Talk 6, 9:30 am, 51.26

Stimulus representations in neural priority maps are equally enhanced by attention independent of the number of attended locations

Amelia Harrison1 (), Daniel Thayer1, Thomas Sprague1; 1UC Santa Barbara

When spatial attention is distributed across multiple visual field locations, performance in visual tasks is often impaired. This bottleneck is evident in behavioral and neural studies, especially when using complex stimuli, and is echoed in behavioral and neural measurements of visual working memory. Some studies have suggested that this is because distributing attention results in lower attentional enhancement in visual cortex compared to focused attention (e.g., McMains & Somers, 2005), while others support a bottleneck at a post-perceptual decision-making stage (e.g., White et al, 2017; Harrison et al., 2022; Chen & Seidemann, 2012). To characterize how stimulus representations in neural priority maps reflect these constraints and discriminate between these models, we scanned participants with fMRI while they performed a selective attention task in which they were cued on each trial to discriminate a target that appeared at the fixation point, 1 cued location, or 2 cued locations. Using a spatial inverted encoding model, we reconstructed images of priority maps from retinotopic brain regions which contained representations of each stimulus. Comparing map activation between focal attention and fixation conditions replicated the canonical finding that attention to one stimulus caused map activation enhancement at the attended stimulus location. Next, we examined map activation when both stimuli were attended. Strikingly, both stimulus representations were enhanced when attended, with an equivalent increase in map activation as observed with focused attention directed to a single stimulus. This pattern was consistent across retinotopic cortex, with no evidence for graded attentional enhancement in any region.
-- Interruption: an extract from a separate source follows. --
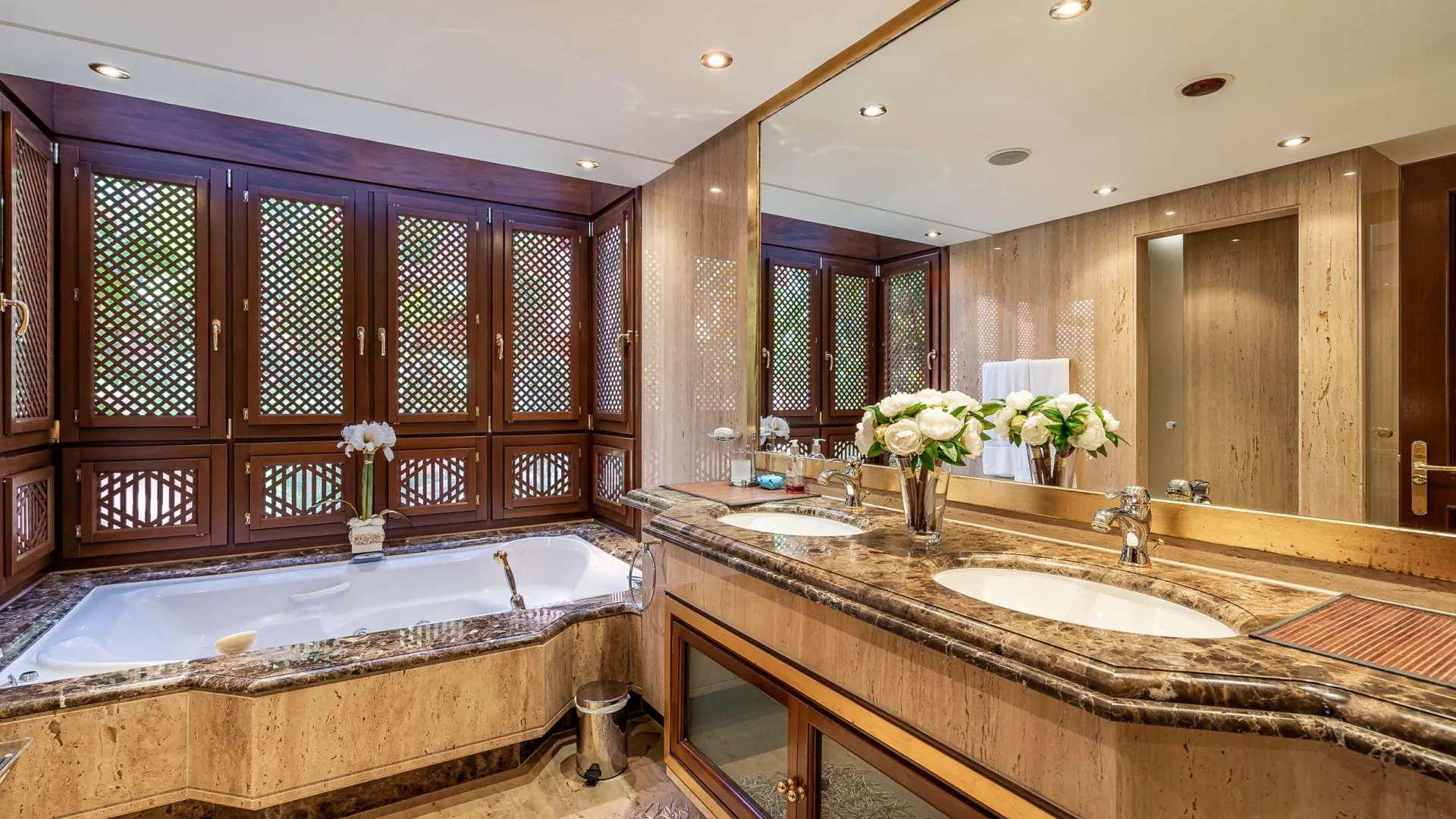 Triplex in Torre Bermeja for sale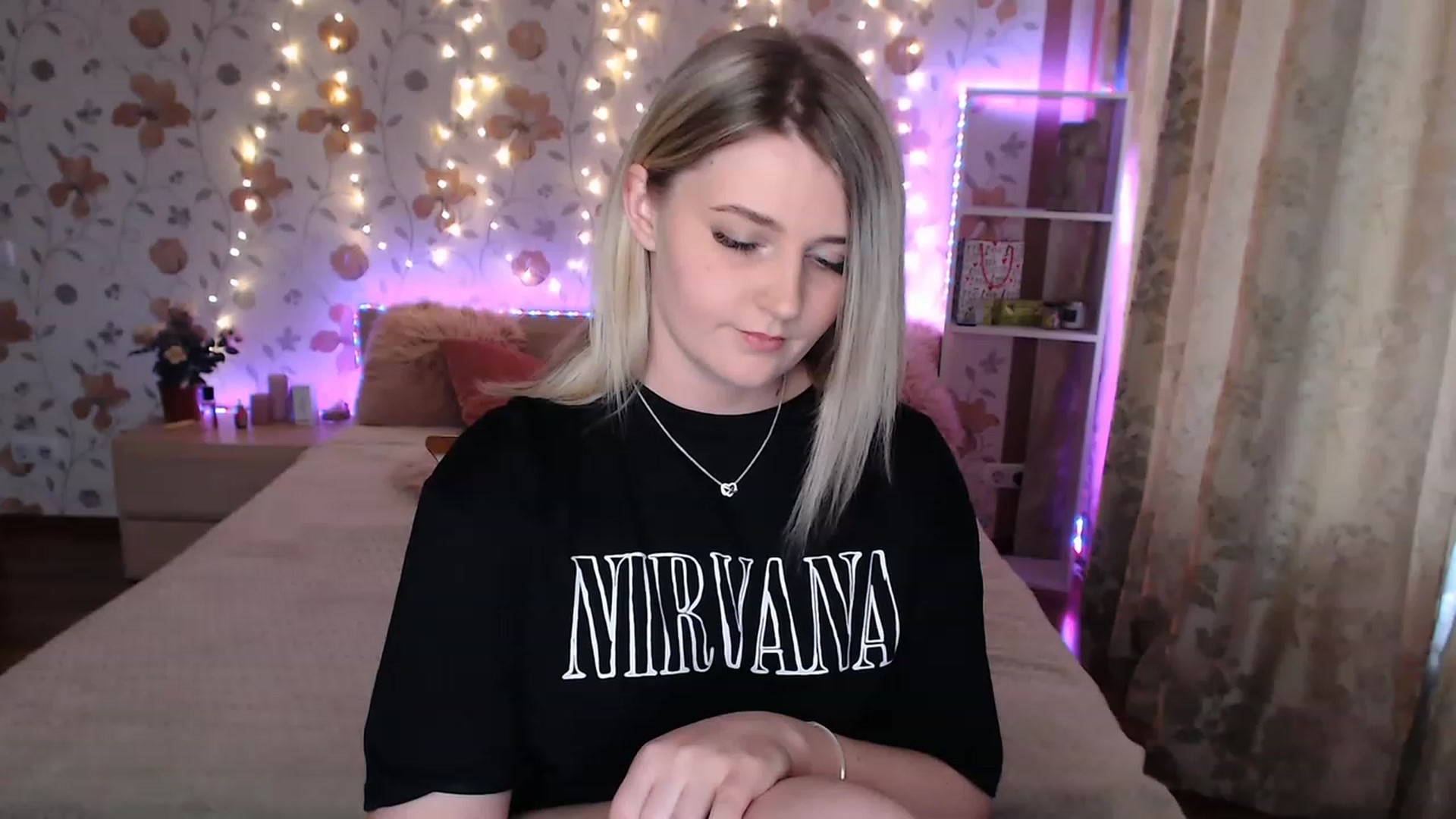 Gallery image thumbnail from Nice_Ass007's myfreecams stream on, 05/14/2023, 03:20 image 5 of 20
Thus, our results are consistent with a model whereby fMRI signals are enhanced when a stimulus is attended, and the degree of enhancement does not wane as the number of attended stimuli increases. Such a ‘relevance’ marker may be used to identify neural populations for selective readout from relevant locations during decision-making.

Acknowledgements: Research supported by Cooperative Agreement W911NF-19-2-0026 for the Institute for Collaborative Biotechnologies, a University of California, Santa Barbara Academic Senate Research Grant, and an Alfred P Sloan Research Fellowship.